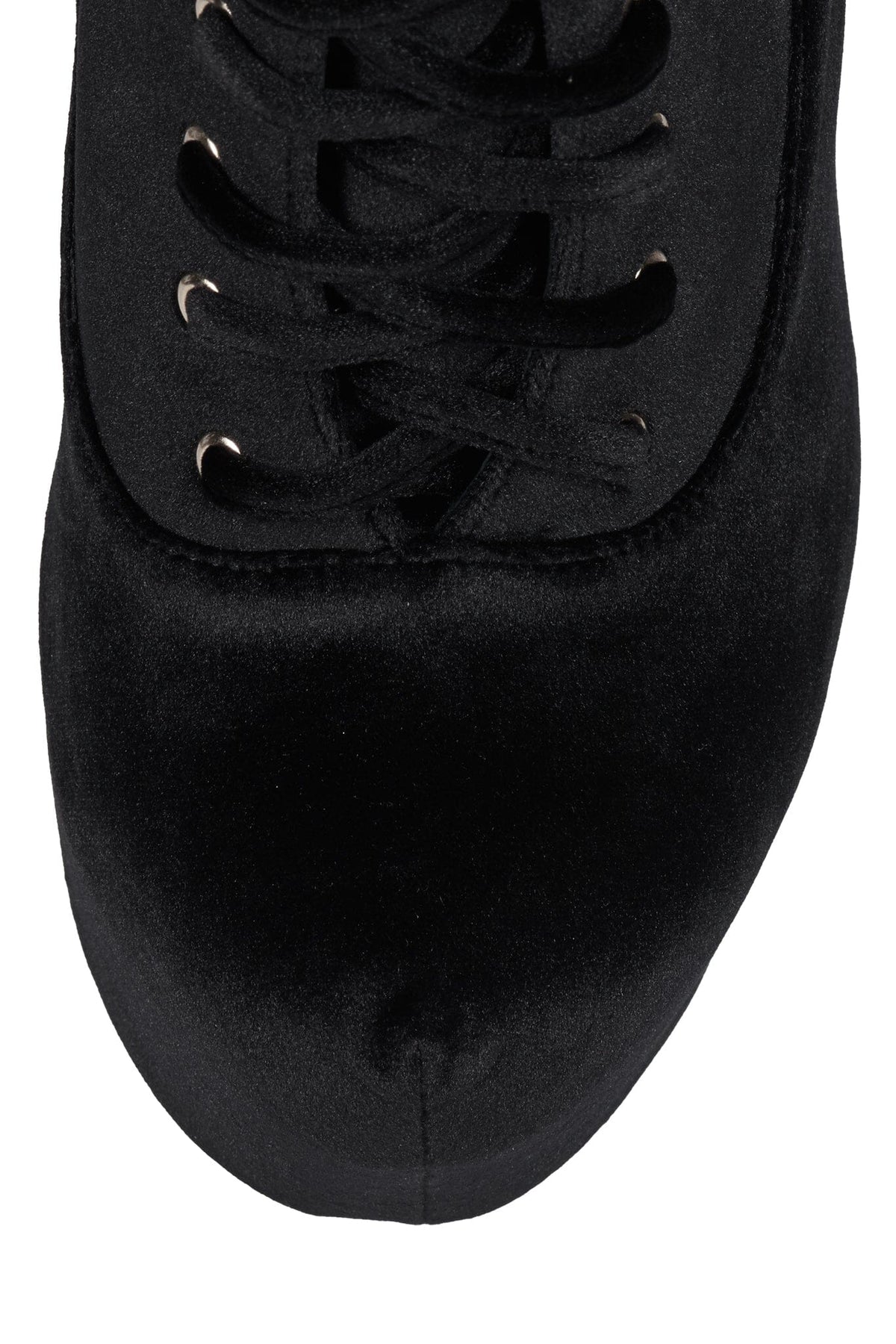 DAMSEL-CRS Platform Boot Black Velvet Gold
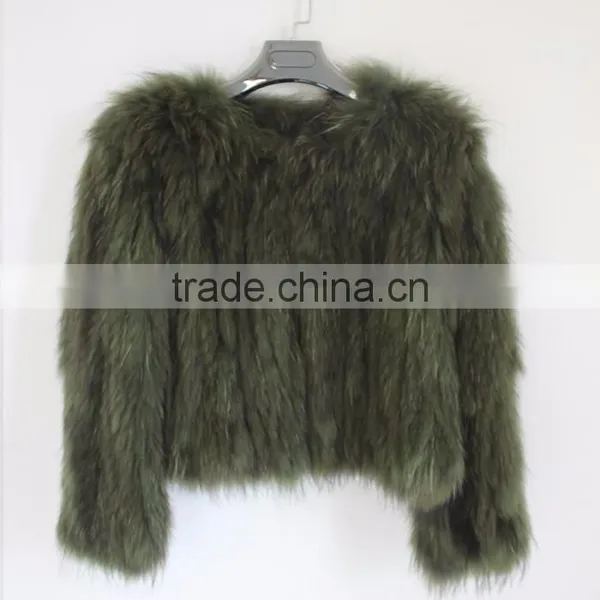 Myfur China Wholesale Lady Winter Fur Jacket Real Raccoon Fur Knitted Jackets photo-4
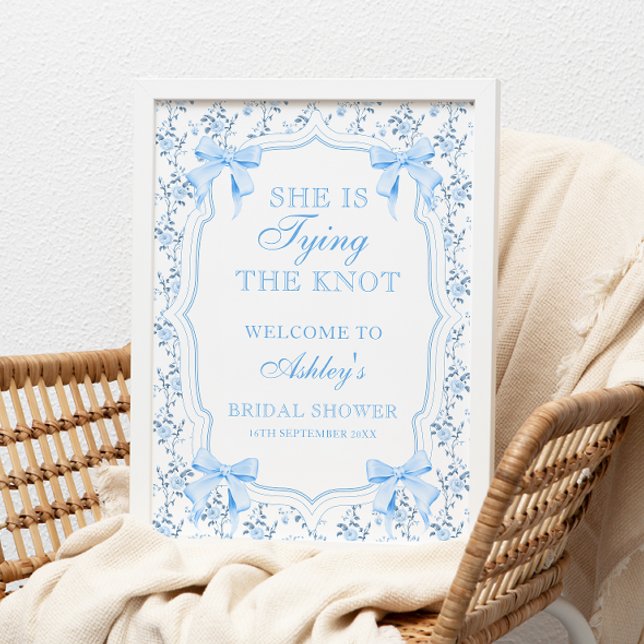 She's Tying the Knot Bow Bridal Shower Welcome Poster (Creator Uploaded)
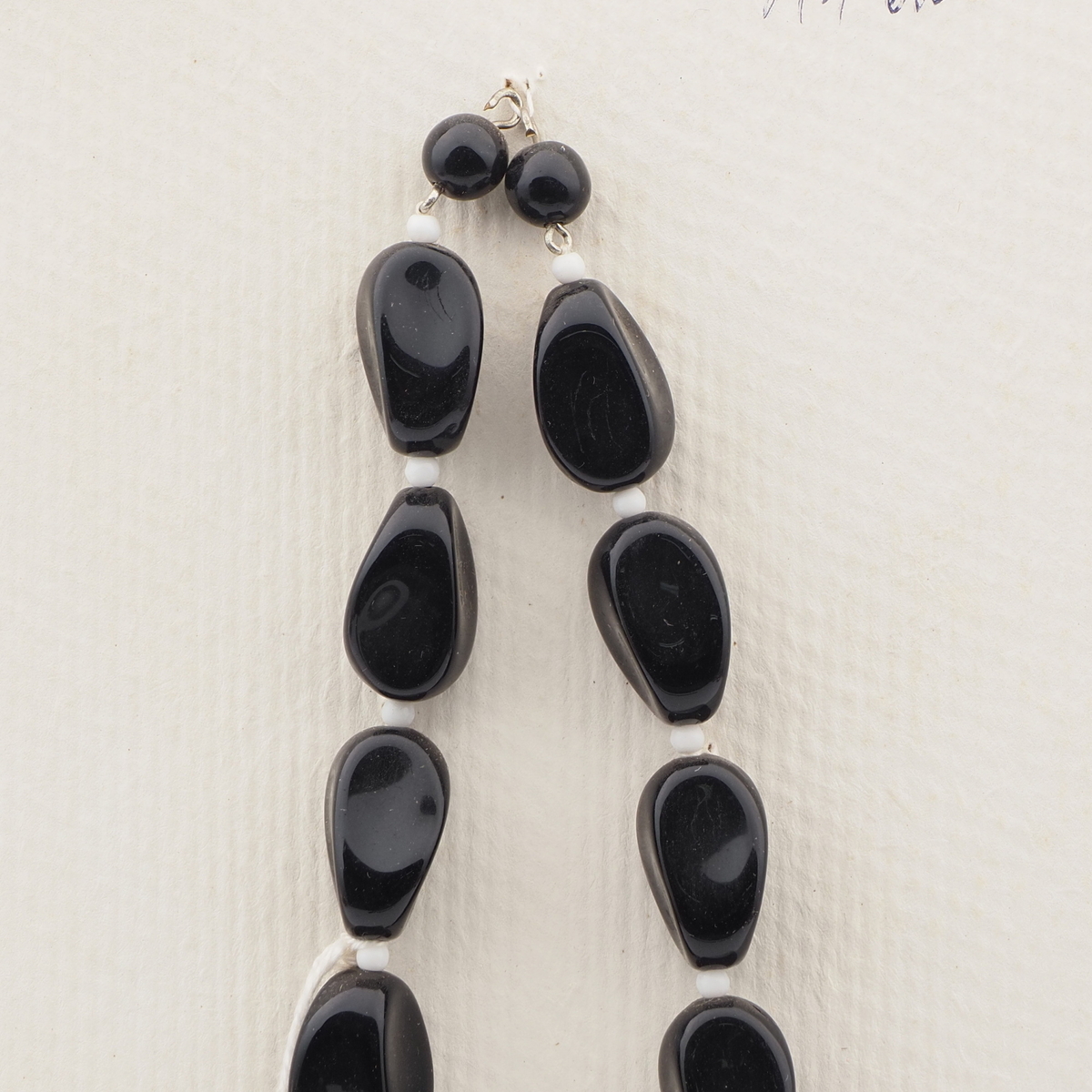 Vintage Czech necklace element black oval rectangle glass beads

### Exercise goal
Write out the full listing verbatim, excluding its pictures.

### Solution to the problem
 DAMSEL-CRS Platform Boot Black Velvet Gold
 Myfur China Wholesale Lady Winter Fur Jacket Real Raccoon Fur Knitted Jackets photo-4
 She's Tying the Knot Bow Bridal Shower Welcome Poster (Creator Uploaded)
 Vintage Czech necklace element black oval rectangle glass beads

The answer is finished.